**DATA FOR ANALYSIS:**
---
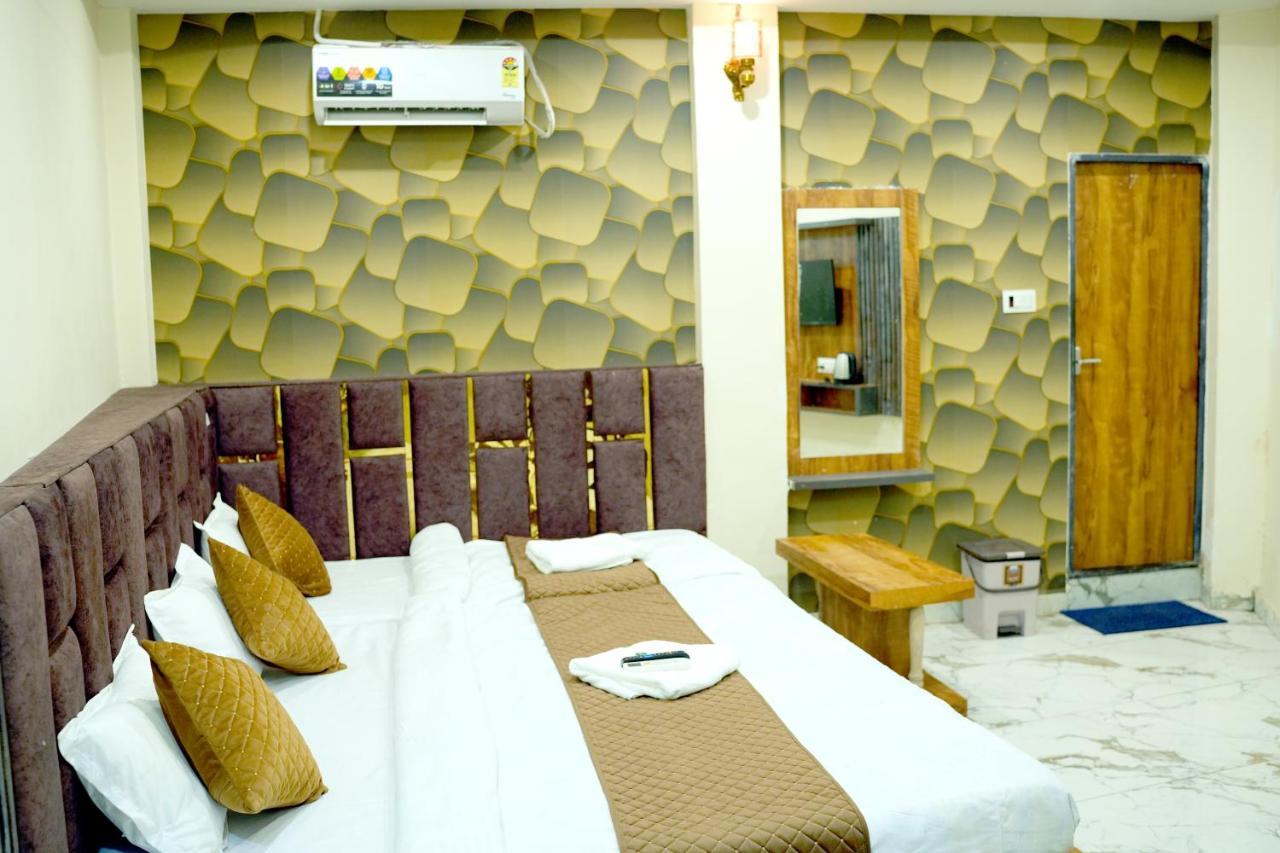 אויאיין Hotel Mahalok Palace מראה חיצוני תמונה
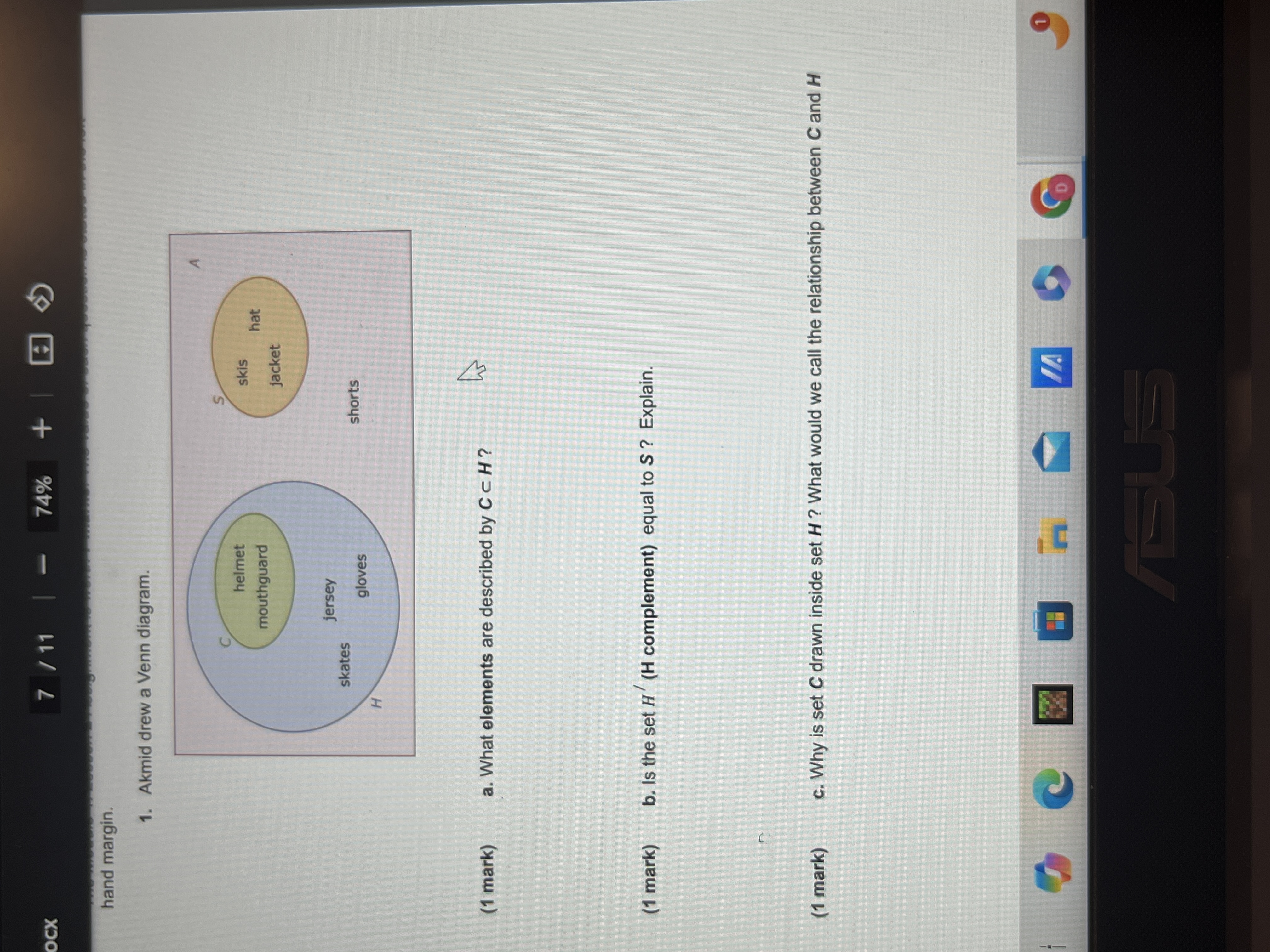 hand margin. Akmid drew a Venn diagram. ( 1 mark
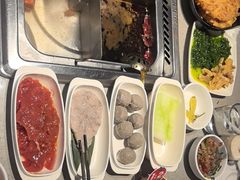-海底捞火锅(新松江路生日主题店)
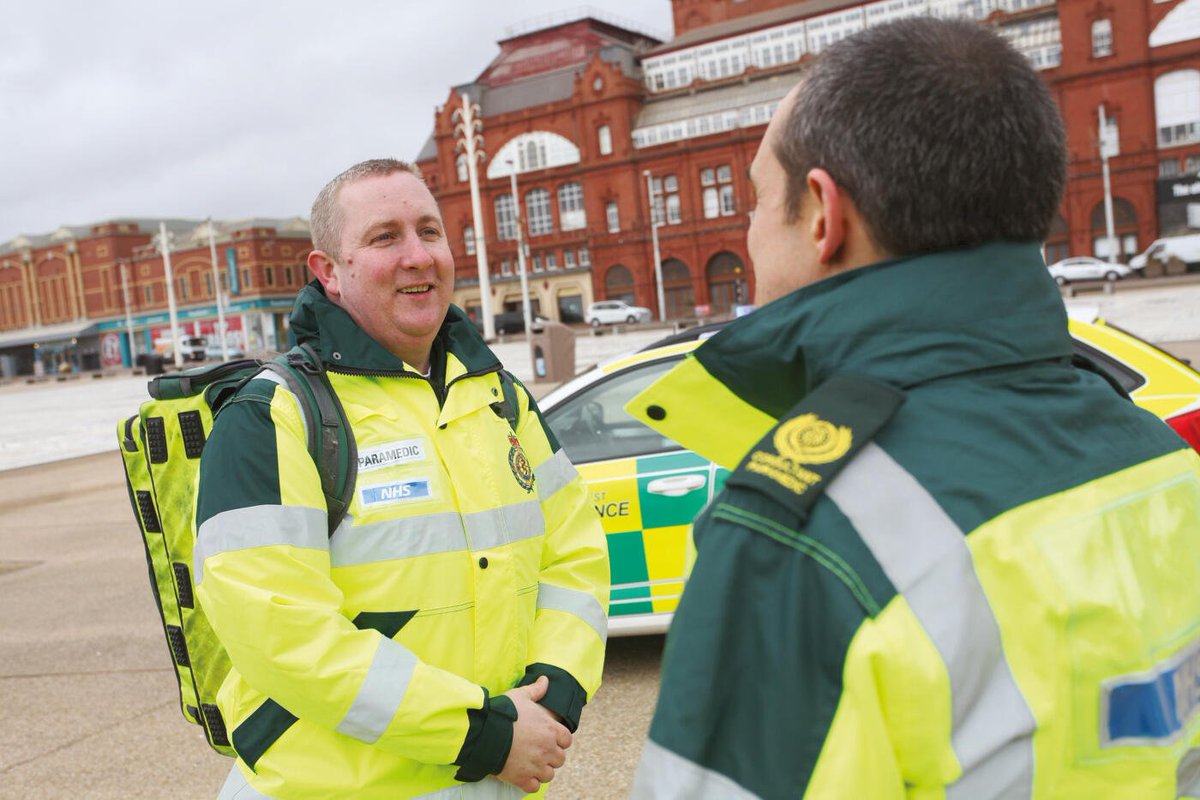 AACE_org's tweet photo. Today is #InternationalParamedicsDay, and AACE are celebrating the passion, courage and dedication of #paramedics and first responders everywhere.

From life‑threatening emergencies to quiet acts of reassurance, the difference they make every single day is profound.🙏💚

#IPD2026 https://t.co/rnLpnoGLMZ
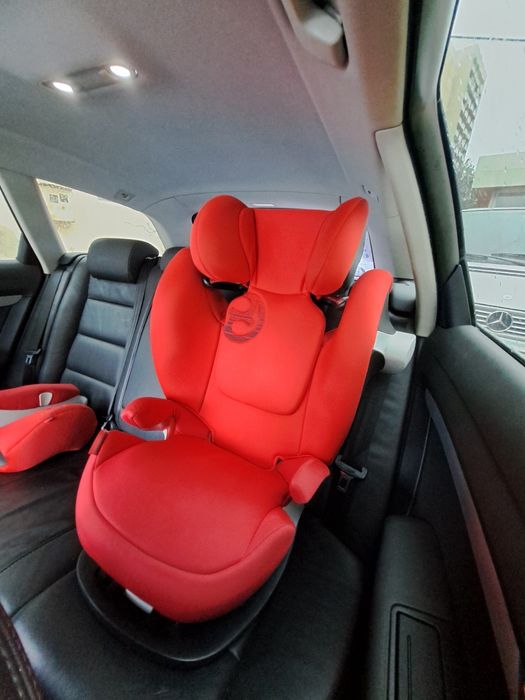 Cybex стол за кола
---
**EXERCISE INSTRUCTIONS:** Starting at the line that contains "hand margin. Akmid", retype each line through the end of the data exactly, and leave out every picture.

**SOLUTION FOR THIS PROBLEM:**
 hand margin. Akmid drew a Venn diagram. ( 1 mark
-海底捞火锅(新松江路生日主题店)
 AACE_org's tweet photo. Today is #InternationalParamedicsDay, and AACE are celebrating the passion, courage and dedication of #paramedics and first responders everywhere.

From life‑threatening emergencies to quiet acts of reassurance, the difference they make every single day is profound.🙏💚

#IPD2026 https://t.co/rnLpnoGLMZ
 Cybex стол за кола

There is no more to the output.